Lessons from the great state of Vermont

This spring, I was contracted by the Vermont State Agency of Education to teach a graduate course to 21 outstanding physical education professionals. This course blended on-line and on-campus learning through both synchronous and asynchronous learning experiences. The purpose of the course was two-fold: to support teachers’ leadership development and to prepare them for the state-wide mandated shift to proficiency-based physical education. Proficiency-based education is sometimes called standards-based or outcome-based education. For the purpose of this post, I will refer to it as standards-based education.

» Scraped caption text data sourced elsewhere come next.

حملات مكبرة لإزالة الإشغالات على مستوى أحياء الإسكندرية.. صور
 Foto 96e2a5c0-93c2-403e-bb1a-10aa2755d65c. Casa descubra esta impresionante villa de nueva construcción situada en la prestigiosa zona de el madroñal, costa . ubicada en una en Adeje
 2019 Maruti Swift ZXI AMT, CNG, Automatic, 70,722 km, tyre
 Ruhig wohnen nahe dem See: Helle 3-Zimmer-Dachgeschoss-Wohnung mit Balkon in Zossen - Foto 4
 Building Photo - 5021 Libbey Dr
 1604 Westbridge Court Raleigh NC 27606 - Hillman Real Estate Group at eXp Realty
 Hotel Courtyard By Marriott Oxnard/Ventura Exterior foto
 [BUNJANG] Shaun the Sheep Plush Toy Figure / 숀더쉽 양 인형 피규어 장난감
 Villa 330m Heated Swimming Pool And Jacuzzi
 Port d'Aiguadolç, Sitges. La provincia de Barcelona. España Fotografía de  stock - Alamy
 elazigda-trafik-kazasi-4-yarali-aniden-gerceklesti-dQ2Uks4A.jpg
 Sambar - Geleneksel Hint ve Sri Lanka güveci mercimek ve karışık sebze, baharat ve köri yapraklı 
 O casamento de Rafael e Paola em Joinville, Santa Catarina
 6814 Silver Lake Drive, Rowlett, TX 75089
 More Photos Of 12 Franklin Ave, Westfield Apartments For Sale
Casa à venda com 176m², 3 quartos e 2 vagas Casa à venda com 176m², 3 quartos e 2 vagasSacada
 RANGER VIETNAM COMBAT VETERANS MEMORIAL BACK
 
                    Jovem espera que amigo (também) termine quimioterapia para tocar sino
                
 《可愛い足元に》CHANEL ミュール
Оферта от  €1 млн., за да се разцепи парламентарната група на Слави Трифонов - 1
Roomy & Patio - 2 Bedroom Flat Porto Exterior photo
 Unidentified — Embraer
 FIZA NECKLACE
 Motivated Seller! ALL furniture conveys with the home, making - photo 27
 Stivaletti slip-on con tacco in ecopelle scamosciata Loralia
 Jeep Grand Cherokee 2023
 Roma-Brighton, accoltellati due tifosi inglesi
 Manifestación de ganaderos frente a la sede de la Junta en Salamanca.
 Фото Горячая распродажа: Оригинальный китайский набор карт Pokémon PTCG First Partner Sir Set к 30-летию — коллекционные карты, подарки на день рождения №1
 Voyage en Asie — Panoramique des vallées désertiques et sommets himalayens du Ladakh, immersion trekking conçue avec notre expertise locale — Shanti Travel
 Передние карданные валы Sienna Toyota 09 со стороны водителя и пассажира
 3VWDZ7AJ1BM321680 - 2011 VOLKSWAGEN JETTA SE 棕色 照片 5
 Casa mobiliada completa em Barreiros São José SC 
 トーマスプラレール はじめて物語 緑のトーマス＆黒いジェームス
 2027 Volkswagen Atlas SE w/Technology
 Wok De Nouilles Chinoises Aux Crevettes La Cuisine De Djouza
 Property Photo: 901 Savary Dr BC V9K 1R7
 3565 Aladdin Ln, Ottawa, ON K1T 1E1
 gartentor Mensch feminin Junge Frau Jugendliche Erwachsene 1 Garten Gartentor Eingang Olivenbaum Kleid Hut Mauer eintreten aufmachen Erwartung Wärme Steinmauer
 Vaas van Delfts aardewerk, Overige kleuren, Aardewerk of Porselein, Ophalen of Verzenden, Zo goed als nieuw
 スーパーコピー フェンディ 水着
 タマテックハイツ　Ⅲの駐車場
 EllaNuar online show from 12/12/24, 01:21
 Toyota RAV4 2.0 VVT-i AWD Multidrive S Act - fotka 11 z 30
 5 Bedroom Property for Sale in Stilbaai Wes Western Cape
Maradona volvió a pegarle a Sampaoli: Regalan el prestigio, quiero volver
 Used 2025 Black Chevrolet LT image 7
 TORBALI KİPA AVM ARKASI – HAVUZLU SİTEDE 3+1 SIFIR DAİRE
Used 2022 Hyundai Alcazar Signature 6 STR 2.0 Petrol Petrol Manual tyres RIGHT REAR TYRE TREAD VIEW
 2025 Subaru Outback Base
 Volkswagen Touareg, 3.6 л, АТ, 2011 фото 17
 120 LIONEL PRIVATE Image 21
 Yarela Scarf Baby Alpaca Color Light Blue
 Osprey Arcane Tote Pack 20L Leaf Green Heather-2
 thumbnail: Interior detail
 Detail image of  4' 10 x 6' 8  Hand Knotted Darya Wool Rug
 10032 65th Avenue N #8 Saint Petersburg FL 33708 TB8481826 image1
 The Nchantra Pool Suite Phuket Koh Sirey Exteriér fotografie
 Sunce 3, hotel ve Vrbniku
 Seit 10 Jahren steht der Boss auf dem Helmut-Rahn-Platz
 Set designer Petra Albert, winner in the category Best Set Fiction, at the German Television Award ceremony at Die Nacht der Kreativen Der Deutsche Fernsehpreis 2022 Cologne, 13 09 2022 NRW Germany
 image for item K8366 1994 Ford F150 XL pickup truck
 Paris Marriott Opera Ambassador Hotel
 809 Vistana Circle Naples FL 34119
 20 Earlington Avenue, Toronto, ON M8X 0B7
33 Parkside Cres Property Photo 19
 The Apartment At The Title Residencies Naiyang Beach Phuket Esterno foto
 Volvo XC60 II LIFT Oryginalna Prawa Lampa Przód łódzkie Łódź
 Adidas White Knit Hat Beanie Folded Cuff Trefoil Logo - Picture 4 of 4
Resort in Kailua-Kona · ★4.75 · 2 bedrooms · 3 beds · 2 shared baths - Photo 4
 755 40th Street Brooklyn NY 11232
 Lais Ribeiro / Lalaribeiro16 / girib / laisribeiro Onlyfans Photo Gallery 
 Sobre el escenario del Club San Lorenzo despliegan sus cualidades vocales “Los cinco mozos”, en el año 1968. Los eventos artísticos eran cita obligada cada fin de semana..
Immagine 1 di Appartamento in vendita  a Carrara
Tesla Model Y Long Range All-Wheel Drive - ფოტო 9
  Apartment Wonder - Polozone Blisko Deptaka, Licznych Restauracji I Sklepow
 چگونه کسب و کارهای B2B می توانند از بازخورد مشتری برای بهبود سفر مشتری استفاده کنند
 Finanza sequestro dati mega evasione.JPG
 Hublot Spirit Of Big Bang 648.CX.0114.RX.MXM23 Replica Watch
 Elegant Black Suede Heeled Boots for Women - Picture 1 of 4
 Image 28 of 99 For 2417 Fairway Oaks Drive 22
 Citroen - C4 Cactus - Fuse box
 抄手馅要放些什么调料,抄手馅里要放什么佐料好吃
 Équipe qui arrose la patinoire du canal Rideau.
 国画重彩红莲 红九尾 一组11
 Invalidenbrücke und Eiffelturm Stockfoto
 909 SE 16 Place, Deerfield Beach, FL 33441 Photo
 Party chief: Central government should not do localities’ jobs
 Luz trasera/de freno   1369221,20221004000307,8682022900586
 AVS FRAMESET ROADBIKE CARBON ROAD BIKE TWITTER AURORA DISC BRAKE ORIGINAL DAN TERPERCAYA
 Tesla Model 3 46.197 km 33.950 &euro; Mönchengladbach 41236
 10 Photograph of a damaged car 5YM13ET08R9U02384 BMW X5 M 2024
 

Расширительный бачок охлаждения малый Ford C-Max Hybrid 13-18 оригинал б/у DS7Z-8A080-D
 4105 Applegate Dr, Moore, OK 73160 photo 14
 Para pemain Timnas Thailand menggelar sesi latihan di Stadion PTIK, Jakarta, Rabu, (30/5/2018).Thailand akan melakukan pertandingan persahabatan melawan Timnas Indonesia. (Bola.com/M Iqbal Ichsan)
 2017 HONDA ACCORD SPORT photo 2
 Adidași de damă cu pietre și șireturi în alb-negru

Before I dive into the standards-based physical education content, I want to highlight the ingeniousness of this project. The physical education coordinator for the state of Vermont, Lindsay Simpson, hired me and then collaborated with me very closely for this course, and I want to be certain she gets major kudos for her tireless efforts. Lindsay supports the PE teachers in VT incredibly well although she would never say that - it is the teachers in VT who made sure I knew this! She realized the only sustainable approach to a state-wide shift to standards-based education would be for physical education leaders throughout the state to work with their physical education colleagues within their local districts. Therefore, the very intense graduate course focused on both the leadership and standards-based physical education components. Course evaluations suggest the teachers learned lots during this course and loved the collaborative nature of it. Lindsay gets all credit for this. She is an exceptional leader and I was humbled to support her vision. If you know Lindsay, you know she is a thorough, responsive, competent and caring professional. You may or may not know what an athlete she is! So, if you talk to her, be sure to wish her major congratulations as she just finished the Vermont 100  - a 100 mile ultramarathon. Not only did Lindsay complete 100 MILES of running, she placed as the 5th overall female. I have goosebumps as I type this! I am in awe! 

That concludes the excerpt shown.